Re Eger; Heilprin v Eger (4 February 1985, Powell J, unrep)Texts Cited: Mason and Handler, Succession Law and Practice (NSW), para [13,001] Category: Procedural and other rulings Parties: Plaintiff/Cross Defendant: Jessica Leigh Teasel
Defendant/Cross Claimant: Alistair-John Mark HookeRepresentation: Counsel:
Solicitors:
Plaintiff/Cross Defendant: J McIntosh
Defendant/Cross Claimant: L Ellison
Plaintiff/Cross Defendant: JNT Legal
Defendant/Cross Claimant: Turnbull Hill Lawyers
File Number(s): 2014/00148998
Judgment – ex tempore
-
Before the Court is a notice of motion filed by the defendant (on 2 February 2015), pursuant to a reservation of liberty to apply, for variation of costs orders provisionally made on 19 December 2014, upon publication of reasons for judgment ([2014] NSWSC 1839) that culminated in an informal Will being admitted to probate.
-
At the time of publishing the principal judgment I expressed a preliminary view that: (a) costs of the application (under the Succession Act 2006 NSW, s 8), for admission of the informal will to probate, should follow the event; and (b) to the extent that the plaintiff does not recover her costs of that application from the defendant, she should be entitled to recover them from the estate: [81].
-
The defendant contends that his costs ought to be allowed out of the estate or, alternately, that there should be no order as to his costs.
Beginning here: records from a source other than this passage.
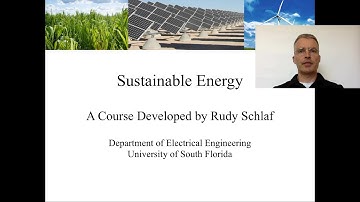 Introduction to the Sustainable Energy Course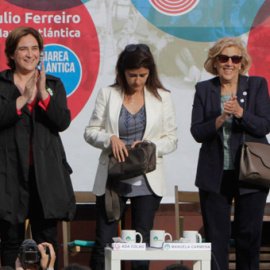 Xulio Ferreiro (A Coruña), Ada Colau (Barcelona), Manuela Carmena (Madrid) y Pedro Santisteve (Zaragoza). / S.G. REY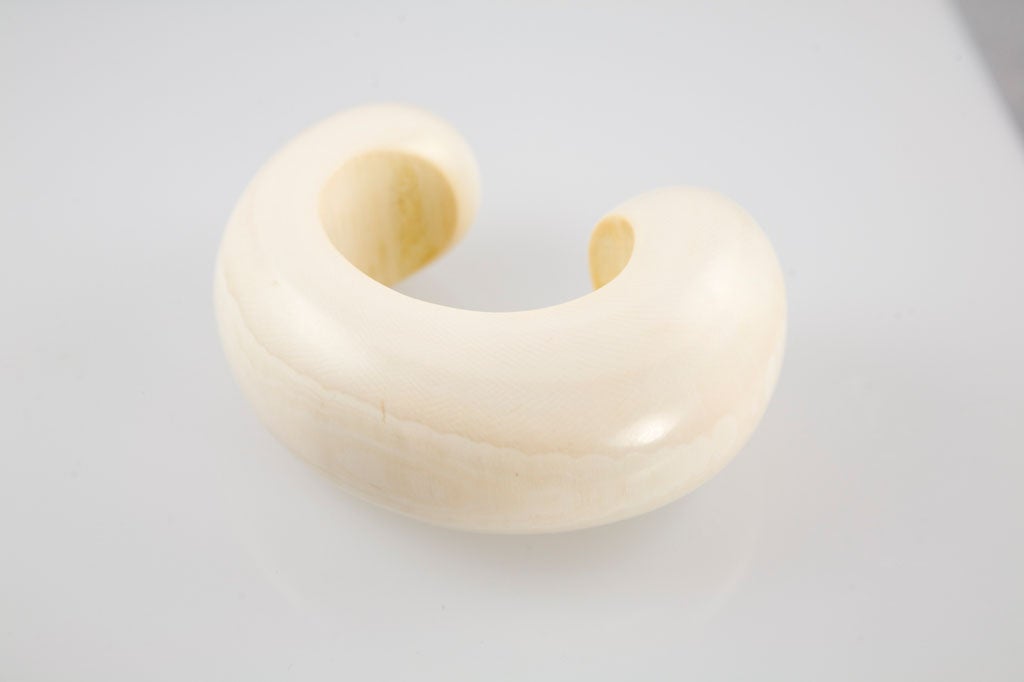 Women's Sculptural Caved Ivory Cuff by Patricia Von Musulin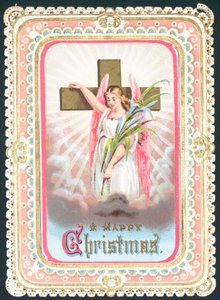 Angel standing with Cross by English School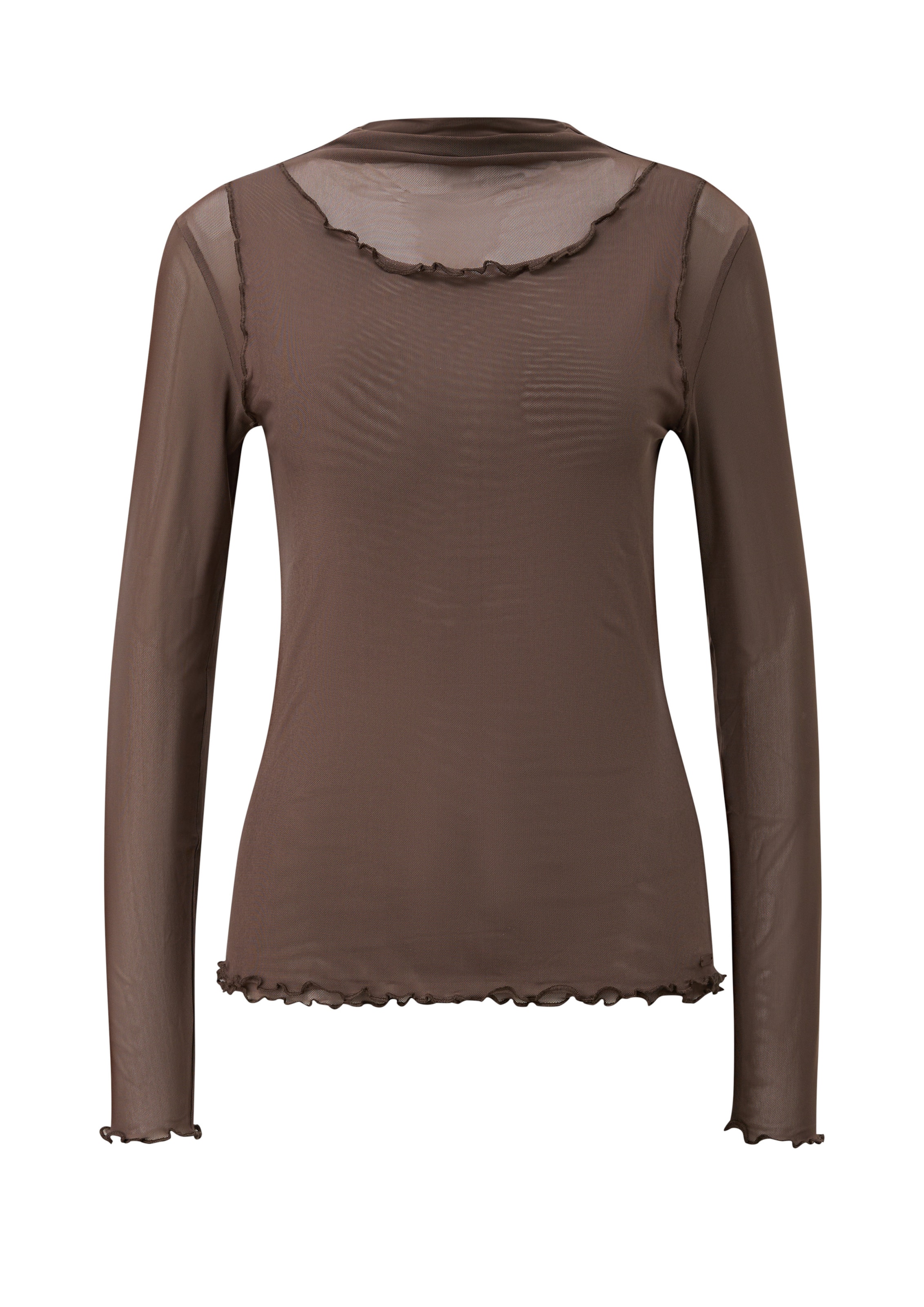 T-shirt QS en marron : devant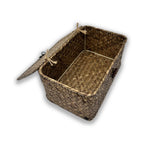 Alexa Collection: 12-Pack 9" Natural Seagrass Keepsake Storage Boxes with Lid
Implicit in his contentions is a broader contention that the costs of both parties should be paid out of the estate.
-
There is no dispute that costs are in the discretion of the Court. Section 98 of the Civil Procedure Act 2005 NSW so provides.
-
Nor is there any dispute that, prima facie, costs follow the event. The Uniform Civil Procedure Rules 2005 NSW, rule 42.1 so provides.
-
In probate proceedings two exceptions to this general rule (that costs follow the event) have come to be recognised, as Powell J instructs us in Re Eger; Heilprin v Eger (4 February 1985, unreported); those exceptions being:
where a testator has, or those interested in residue have, been the cause of the litigation, the costs of unsuccessfully opposing probate may be ordered to be paid out of the estate;
if the circumstances led reasonably to an investigation in regard to the document propounded, the costs may be left to be borne by those who respectively incurred them.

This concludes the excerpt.